[Task statement] In the data below, the copy begins at the line containing "买快手粉送播放量，自动充值服务全天候" and runs through the last line; repeat those lines exactly, minus the pictures.

[Provided material]
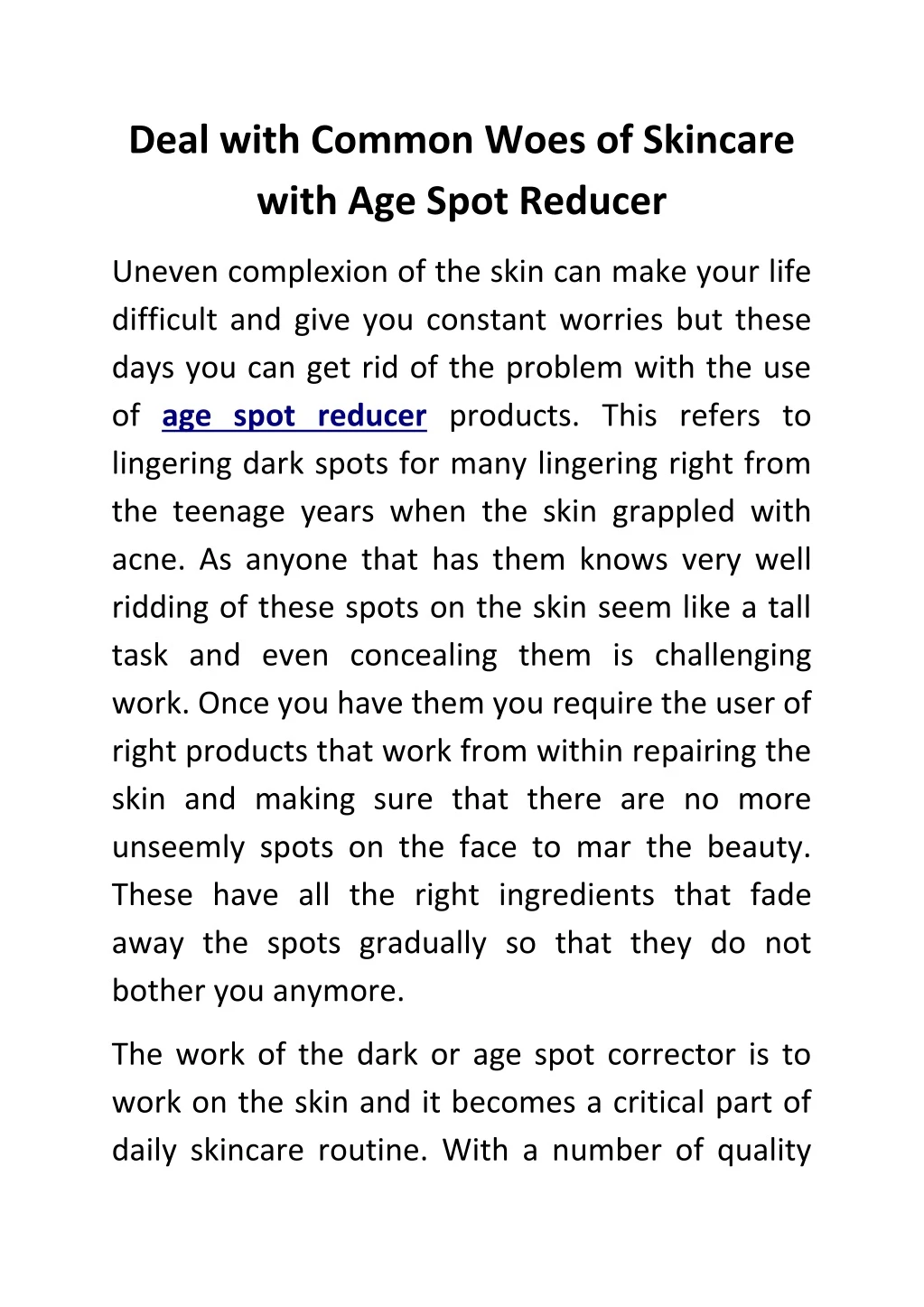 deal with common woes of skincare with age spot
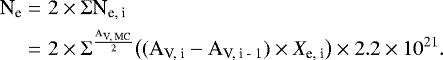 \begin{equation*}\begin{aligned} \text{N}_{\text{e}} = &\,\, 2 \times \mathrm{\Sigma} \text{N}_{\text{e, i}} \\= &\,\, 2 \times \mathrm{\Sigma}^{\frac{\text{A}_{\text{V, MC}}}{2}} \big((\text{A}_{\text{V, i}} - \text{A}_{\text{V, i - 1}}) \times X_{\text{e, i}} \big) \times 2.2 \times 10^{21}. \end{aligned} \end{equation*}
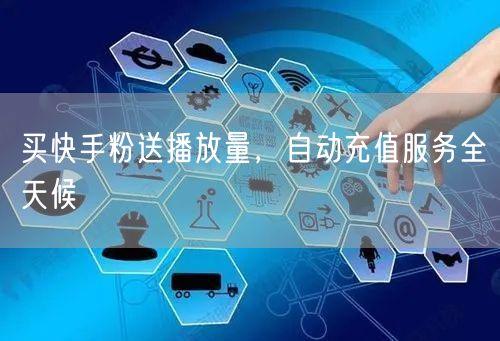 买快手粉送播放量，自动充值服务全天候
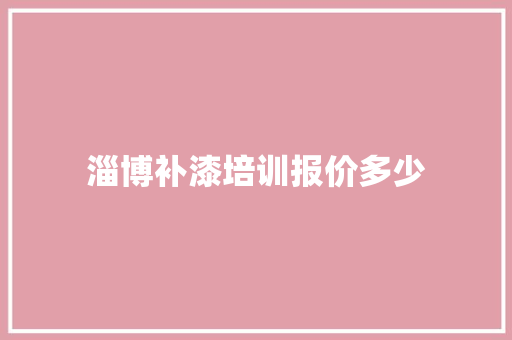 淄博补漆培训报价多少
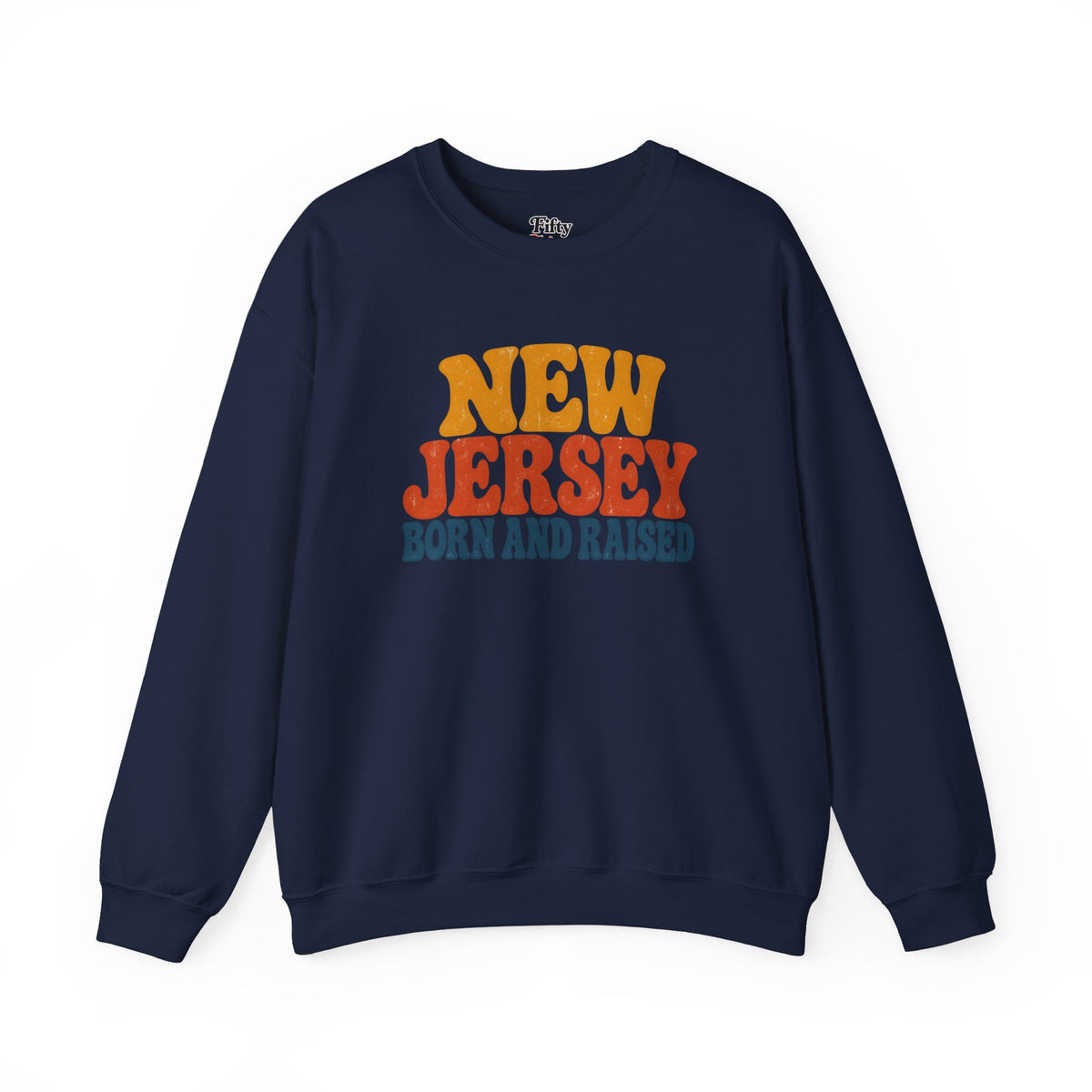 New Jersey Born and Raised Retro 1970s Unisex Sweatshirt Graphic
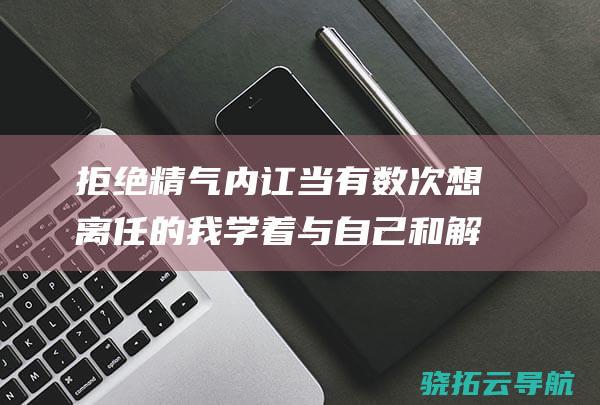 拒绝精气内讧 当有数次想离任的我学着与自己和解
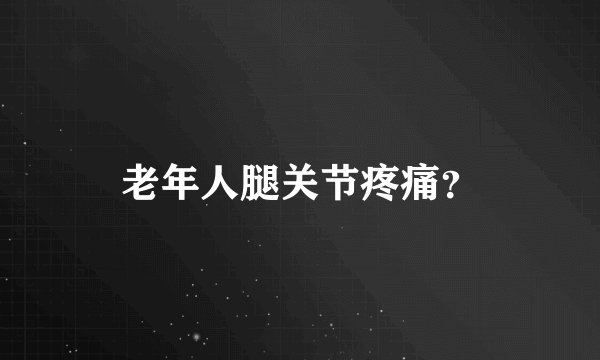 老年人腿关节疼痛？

[Reply]
 买快手粉送播放量，自动充值服务全天候
 淄博补漆培训报价多少
 New Jersey Born and Raised Retro 1970s Unisex Sweatshirt Graphic
 拒绝精气内讧 当有数次想离任的我学着与自己和解
 老年人腿关节疼痛？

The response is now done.